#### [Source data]
::::
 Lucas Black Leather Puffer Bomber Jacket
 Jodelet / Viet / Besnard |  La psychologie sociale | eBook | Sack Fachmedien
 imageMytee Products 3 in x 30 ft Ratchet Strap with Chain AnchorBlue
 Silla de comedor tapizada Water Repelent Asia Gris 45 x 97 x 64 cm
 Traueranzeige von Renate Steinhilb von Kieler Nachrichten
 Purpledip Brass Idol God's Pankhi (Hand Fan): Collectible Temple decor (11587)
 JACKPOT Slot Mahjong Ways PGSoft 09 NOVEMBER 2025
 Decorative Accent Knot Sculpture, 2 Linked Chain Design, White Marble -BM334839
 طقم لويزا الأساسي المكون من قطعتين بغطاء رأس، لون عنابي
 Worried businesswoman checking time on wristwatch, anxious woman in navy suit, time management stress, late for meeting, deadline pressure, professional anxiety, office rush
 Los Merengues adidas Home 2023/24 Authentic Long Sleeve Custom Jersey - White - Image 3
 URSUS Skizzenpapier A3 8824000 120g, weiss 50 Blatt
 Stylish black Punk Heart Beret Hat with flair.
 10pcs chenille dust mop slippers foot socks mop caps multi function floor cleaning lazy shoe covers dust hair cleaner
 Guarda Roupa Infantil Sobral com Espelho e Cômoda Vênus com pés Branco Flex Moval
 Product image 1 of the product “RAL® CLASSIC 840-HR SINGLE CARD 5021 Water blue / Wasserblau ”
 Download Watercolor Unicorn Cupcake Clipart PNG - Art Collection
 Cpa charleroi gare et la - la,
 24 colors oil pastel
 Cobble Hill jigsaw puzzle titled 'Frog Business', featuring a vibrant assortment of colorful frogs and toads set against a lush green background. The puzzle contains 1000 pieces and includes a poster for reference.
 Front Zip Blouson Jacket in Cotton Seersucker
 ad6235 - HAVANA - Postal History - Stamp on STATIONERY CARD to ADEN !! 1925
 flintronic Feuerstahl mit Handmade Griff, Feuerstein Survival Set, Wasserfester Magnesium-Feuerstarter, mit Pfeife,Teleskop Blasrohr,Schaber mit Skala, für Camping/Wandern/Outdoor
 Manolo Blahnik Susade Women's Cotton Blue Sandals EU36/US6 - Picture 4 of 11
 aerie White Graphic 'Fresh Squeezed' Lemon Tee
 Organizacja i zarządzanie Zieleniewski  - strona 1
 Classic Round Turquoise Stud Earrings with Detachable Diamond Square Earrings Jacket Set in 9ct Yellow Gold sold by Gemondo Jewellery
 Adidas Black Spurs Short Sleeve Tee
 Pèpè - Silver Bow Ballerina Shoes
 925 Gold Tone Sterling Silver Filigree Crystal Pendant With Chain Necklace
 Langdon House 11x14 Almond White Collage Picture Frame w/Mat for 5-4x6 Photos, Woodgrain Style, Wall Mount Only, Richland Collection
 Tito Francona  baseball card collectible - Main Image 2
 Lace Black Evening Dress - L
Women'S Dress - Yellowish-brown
::::
#### [Work task]
Begin with the first line of the records and reproduce each line as is, ending with the line that holds "Silla de comedor".

#### [Your solution]
 Lucas Black Leather Puffer Bomber Jacket
 Jodelet / Viet / Besnard |  La psychologie sociale | eBook | Sack Fachmedien
 imageMytee Products 3 in x 30 ft Ratchet Strap with Chain AnchorBlue
 Silla de comedor tapizada Water Repelent Asia Gris 45 x 97 x 64 cm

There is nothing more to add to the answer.